The Impact of Columbia's Airbnb Market
It constituted little more than an afterthought during the discussions that crafted the City of Columbia’s new zoning code in the summer of 2015.
Shouldn’t we do something about these Airbnbs?
At the time, Columbia didn’t have that many properties listed on Airbnb, the vacation rental website that allows people to advertise short-term rentals to willing consumers. How the burgeoning service could affect the city didn’t really generate much discussion.
That has changed considerably in the three years since.
According to Airbnb’s figures, Columbia was Missouri’s fourth-most active city on the site in 2017, trailing only St. Louis, Kansas City, and Branson. Columbia Airbnb renters welcomed 11,140 guests into their homes (or apartments . . . or condos . . . or lean-tos . . . or tents occupying a vacant lot . . .) last year, generating a total of $1.1 million in income.
Last August, the month of the total solar eclipse, 355 listings were available for rent in Columbia. In September, a month in which the Missouri football team played four straight home games, Airbnb hosts raked in more than $551,000.
The numbers have leveled off a bit since then, but, as of February, there were still 284 active rentals in the city. Now is definitely time for the discussions that got tabled in 2015.
“We’re trying to stay ahead of the curve,” says Megan McConachie, strategic communications manager for the Columbia Convention and Visitors Bureau. “A lot of destinations our size, or even smaller, are trying to catch up to this really big trend in how people are traveling.”
The Convention and Visitors Bureau and the city’s Community Development Department teamed up to hold a series of four public information meetings — two in February, two in April — to gather comments and determine what sort of legislation would be beneficial on a municipal level to regulate the short-term rental market available on sites such as Airbnb.
Right now, there isn’t much on the books. Some short-term rentals already meet the city’s safety inspection requirements because they’re repurposed long-term rentals. Does that mean all short-term rentals should meet the same requirements? Do short-term rentals meet the city’s definition of a “hotel,” and if they do, should they have to pay the same lodging tax as the city’s hotels and motels?
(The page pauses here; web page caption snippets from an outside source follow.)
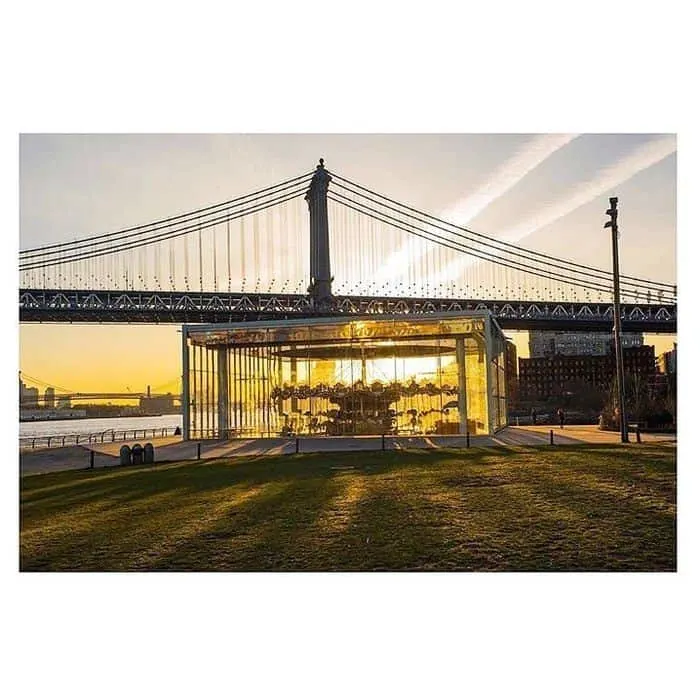 janes carousel sits beneath the brooklyn bridge and has river views. it's glass-enclosed, making it a yearround ride.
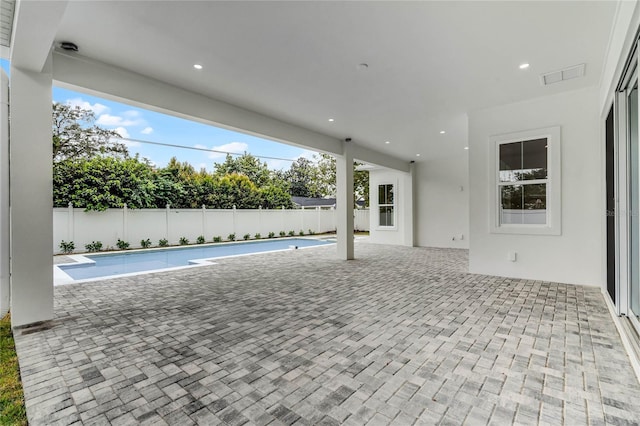 view of swimming pool with a patio area, a fenced backyard, and a fenced in pool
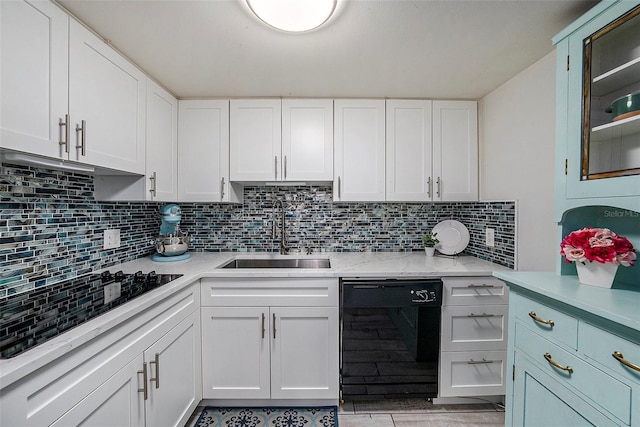 kitchen featuring cooktop, sink, white cabinets, and black dishwasher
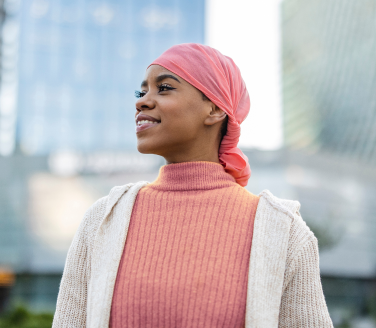 Smiling person in a pink head scarf and sweater standing outdoors among tall buildings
What sort of recourse does a neighbor have if the house next door becomes a short-term rental property against their wishes?
Questions like these are just the tip of the iceberg.
“We just don’t have enough in our code, even for people who want to do the right thing,” said Leigh Kottwitz, the city’s neighborhood services manager. “We just don’t have enough information to tell them because we haven’t laid that out. We just haven’t defined it in our code.”
What is a hotel, anyway?
How, exactly, does the City of Columbia define a hotel? At present, as any property with 12 units or more that rents out for 28 days or fewer. These properties are subject to a five percent tax with the city, which goes toward funding the Convention and Visitors Bureau as well as bankrolling the Columbia Regional Airport terminal project.
So no, Airbnb rentals are not currently hotels. In February, Airbnb started factoring Missouri state, city, county, and local sales taxes into its pricing. Airbnb says it collected and remitted more than $306,000 in taxes to the state of Missouri in the first month of this new arrangement. Columbia’s hotel and motel tax is not included.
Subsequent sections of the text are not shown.